*Extracted data entries*
[Start of section]

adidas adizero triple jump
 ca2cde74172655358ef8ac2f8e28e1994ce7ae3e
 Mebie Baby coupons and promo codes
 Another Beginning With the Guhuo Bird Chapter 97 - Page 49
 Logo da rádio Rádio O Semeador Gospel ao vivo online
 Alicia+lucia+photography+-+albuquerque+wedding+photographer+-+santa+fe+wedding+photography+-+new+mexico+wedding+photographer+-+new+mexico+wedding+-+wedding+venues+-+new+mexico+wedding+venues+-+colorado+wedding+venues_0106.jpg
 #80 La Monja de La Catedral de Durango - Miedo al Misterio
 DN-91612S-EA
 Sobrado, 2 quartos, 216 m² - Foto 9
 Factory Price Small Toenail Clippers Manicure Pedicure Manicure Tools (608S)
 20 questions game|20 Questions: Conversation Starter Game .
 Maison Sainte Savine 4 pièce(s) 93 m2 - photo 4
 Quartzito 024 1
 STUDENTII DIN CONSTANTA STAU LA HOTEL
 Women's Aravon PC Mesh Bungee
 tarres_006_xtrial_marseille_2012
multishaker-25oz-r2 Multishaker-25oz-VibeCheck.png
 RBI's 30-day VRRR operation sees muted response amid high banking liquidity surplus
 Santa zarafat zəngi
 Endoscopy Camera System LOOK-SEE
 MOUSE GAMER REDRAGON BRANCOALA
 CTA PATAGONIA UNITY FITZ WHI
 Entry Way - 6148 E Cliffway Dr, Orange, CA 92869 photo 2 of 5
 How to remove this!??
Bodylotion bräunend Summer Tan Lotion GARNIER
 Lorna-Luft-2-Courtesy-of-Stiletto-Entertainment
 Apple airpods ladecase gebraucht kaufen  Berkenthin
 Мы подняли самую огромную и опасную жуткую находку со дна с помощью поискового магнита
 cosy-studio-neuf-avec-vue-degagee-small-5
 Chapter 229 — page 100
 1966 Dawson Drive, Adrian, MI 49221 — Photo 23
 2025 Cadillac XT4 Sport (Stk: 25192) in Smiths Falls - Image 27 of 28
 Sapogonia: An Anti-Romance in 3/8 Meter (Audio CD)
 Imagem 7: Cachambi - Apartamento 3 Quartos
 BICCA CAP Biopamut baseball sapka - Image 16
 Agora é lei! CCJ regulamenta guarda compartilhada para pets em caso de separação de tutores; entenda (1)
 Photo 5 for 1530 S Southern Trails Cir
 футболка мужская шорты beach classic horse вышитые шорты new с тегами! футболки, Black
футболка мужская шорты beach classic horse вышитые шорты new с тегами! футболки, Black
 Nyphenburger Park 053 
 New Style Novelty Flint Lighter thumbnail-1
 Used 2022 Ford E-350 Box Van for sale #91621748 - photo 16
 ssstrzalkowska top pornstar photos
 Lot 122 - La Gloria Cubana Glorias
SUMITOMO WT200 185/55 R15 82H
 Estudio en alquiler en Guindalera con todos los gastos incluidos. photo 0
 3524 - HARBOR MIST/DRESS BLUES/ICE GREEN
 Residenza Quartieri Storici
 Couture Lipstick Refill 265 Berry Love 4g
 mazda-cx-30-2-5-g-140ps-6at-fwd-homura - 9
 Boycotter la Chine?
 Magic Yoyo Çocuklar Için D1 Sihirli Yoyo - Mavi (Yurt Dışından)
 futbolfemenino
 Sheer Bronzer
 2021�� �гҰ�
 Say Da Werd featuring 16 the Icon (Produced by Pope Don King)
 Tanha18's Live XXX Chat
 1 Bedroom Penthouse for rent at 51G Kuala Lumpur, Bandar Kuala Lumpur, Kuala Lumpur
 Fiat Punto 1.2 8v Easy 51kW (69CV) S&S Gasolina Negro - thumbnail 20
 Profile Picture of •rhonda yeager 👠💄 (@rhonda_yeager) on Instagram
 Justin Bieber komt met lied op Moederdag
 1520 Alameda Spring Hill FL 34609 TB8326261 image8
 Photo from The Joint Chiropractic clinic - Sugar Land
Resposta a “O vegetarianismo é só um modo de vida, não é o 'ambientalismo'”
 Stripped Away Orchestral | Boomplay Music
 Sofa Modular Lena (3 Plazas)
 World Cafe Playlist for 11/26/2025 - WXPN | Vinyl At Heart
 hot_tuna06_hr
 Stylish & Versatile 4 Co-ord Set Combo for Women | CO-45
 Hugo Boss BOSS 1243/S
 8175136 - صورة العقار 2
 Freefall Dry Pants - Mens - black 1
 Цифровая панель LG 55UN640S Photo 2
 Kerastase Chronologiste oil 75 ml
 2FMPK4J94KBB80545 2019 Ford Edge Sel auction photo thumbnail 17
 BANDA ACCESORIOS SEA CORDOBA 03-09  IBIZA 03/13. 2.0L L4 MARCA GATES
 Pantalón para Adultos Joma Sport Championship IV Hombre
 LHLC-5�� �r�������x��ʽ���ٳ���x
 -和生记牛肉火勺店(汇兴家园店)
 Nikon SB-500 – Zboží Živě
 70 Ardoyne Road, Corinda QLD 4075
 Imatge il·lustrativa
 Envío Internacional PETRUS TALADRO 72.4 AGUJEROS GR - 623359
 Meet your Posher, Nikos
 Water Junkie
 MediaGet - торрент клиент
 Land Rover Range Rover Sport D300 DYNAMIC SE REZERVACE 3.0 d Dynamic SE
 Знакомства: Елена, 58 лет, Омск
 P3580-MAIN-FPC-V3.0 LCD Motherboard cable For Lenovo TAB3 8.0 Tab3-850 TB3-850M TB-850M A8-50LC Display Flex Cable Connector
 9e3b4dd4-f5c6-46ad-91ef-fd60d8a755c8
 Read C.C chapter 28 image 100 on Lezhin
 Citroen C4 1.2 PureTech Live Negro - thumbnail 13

[End of section]

*WHAT YOU SHOULD DO*
Each line in the data that holds the string "вышитые" needs to be copied.

*RESULT FOR THIS TASK*
 футболка мужская шорты beach classic horse вышитые шорты new с тегами! футболки, Black
футболка мужская шорты beach classic horse вышитые шорты new с тегами! футболки, Black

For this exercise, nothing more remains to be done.